§ Task item:
Each entry below is to be transcribed exactly; pictures are not copied.

§ Input material:

= = = =

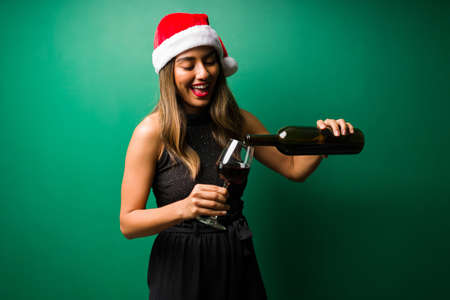 Gorgeous young wpman with a santa hat serving a glass of red wine at a fun Christmas partyの写真素材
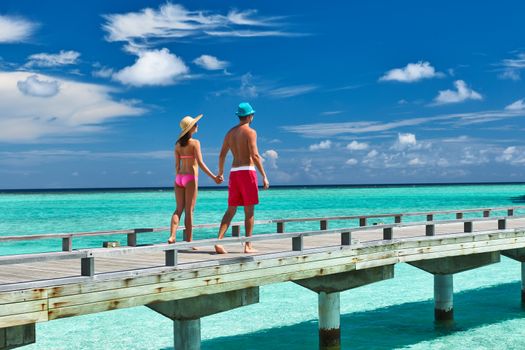 Couple on a tropical beach jetty at Maldives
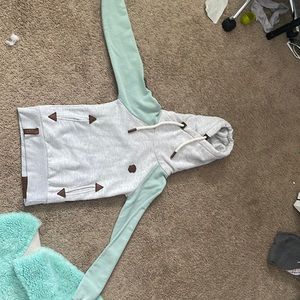 selling a new Naketano sweatshirt with teal sleeves and the rest white grey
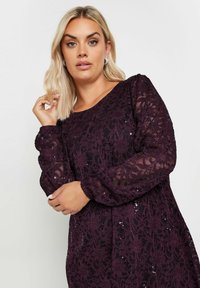 Vestido de encaje de manga larga de color púrpura profundo con patrones florales y lentejuelas, con un escote redondo y mangas ligeramente abullonadas.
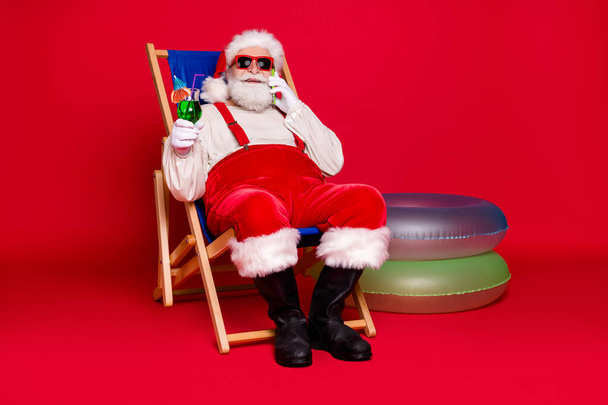 Porträt seiner schönen fröhlichen bärtigen dicken Weihnachtsmann Hipster sitzt im Stuhl trinkt Mojito Aufruf im Ausland Roaming Handy Ruhe entspannen isoliert hell lebendigen Glanz leuchtenden roten Hintergrund - Foto, Bild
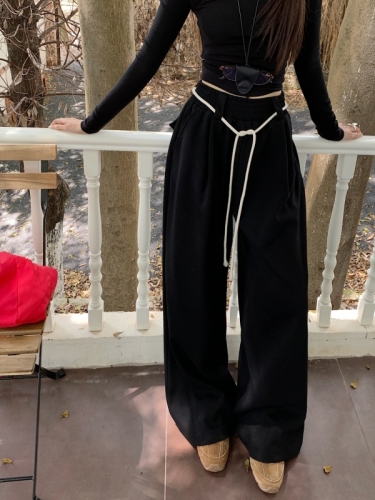 Actual shot of lazy style casual high-waisted straight wide-leg trousers with drapey floor-length trousers for women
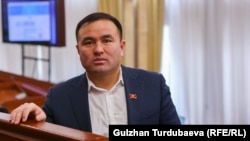 Алишер Козуев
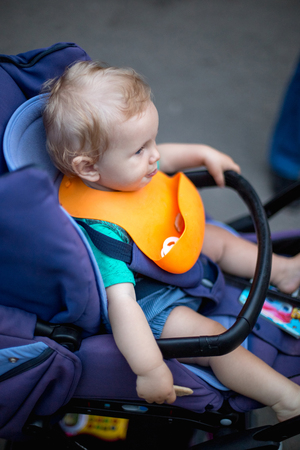 A small cute baby eats in a baby stroller.の写真素材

= = = =

§ Task answer:
 Gorgeous young wpman with a santa hat serving a glass of red wine at a fun Christmas partyの写真素材
 Couple on a tropical beach jetty at Maldives
 selling a new Naketano sweatshirt with teal sleeves and the rest white grey
 Vestido de encaje de manga larga de color púrpura profundo con patrones florales y lentejuelas, con un escote redondo y mangas ligeramente abullonadas.
 Porträt seiner schönen fröhlichen bärtigen dicken Weihnachtsmann Hipster sitzt im Stuhl trinkt Mojito Aufruf im Ausland Roaming Handy Ruhe entspannen isoliert hell lebendigen Glanz leuchtenden roten Hintergrund - Foto, Bild
 Actual shot of lazy style casual high-waisted straight wide-leg trousers with drapey floor-length trousers for women
 Алишер Козуев
 A small cute baby eats in a baby stroller.の写真素材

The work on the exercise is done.